NEW PORT RICHEY — When it was first moved to Sims Park in 1981, the old Seven Springs schoolhouse did not seem a promising new home for the West Pasco Historical Society.
The roof was off, windows were smashed, doors were broken and "frazzled pieces of wiring hung from the remaining boards," the society's first president, Julie Obenreder, would later write in a journal.
"Faint hearts would never have undertaken the job of restoring the old house into a purposeful building," she wrote.
But the society raised money to do just that, turning the building into a quaint museum that houses everything from Seminole and Timucuan Indian artifacts to old photographs and local history books to children's toys and glassware from days long gone by.

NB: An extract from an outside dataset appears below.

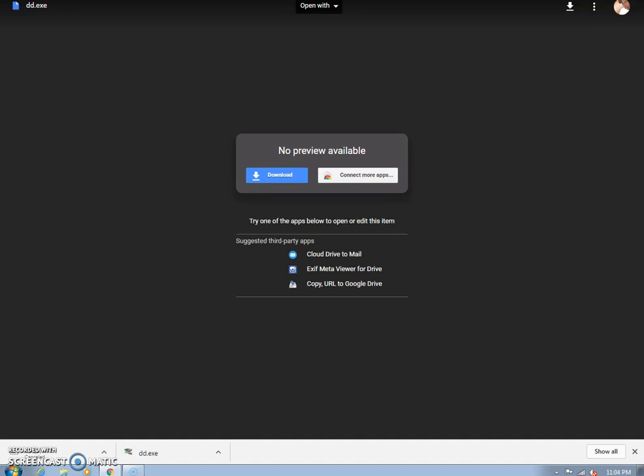Hey there YouTubers. Today I'm going to show you a program called Double Driver. Basically this program can copy your current drivers on your computer so that you'll have as a backup.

Now, nearly 30 years later, the building needs help again.
Society members are asking the city for as much as $20,000 in matching grants over the next two years to help pay for exterior and interior renovations to the 1920s schoolhouse.
The exterior wood siding has deteriorated and needs to be replaced. The interior wood panels, installed in the early 1980s, are rotting. The roof leaks.
"It's just going to get more expensive the longer we wait," said Bob Hubach, a 67-year-old retiree in Gulf Harbors who serves as the society's second vice president.
The society wants to do the exterior work — it has a bid of about $17,000 — this summer and the interior next year.
Caprena Latimore, the city's redevelopment manager, said the city's match could come from New Port Richey's grant program fund. The historical society pays the city $1 a year to lease the land beneath the building.
City Council members, meeting tonight as directors of the Community Redevelopment Agency, will consider the group's request for grant money.
Like a lot of small, nonprofit groups, the historical society has struggled with both membership and fundraising over the years. The society, which has about $8,500 in the bank, has about 200 members.
It is a cadre of about 25 dedicated volunteers, mostly retirees, who keep things going — greeting visitors, giving tours to groups such as the Boy Scouts and the Red Hat Society and organizing a fashion show that raises about $3,000 each year.
Hubach said the group will step up fundraising to help pay for the renovations, and plans to ask for material donations and to see if a bank can loan some money.
Latimore said the society hasn't asked for much help from the city over the years.
"That building needs some desperate help," she said.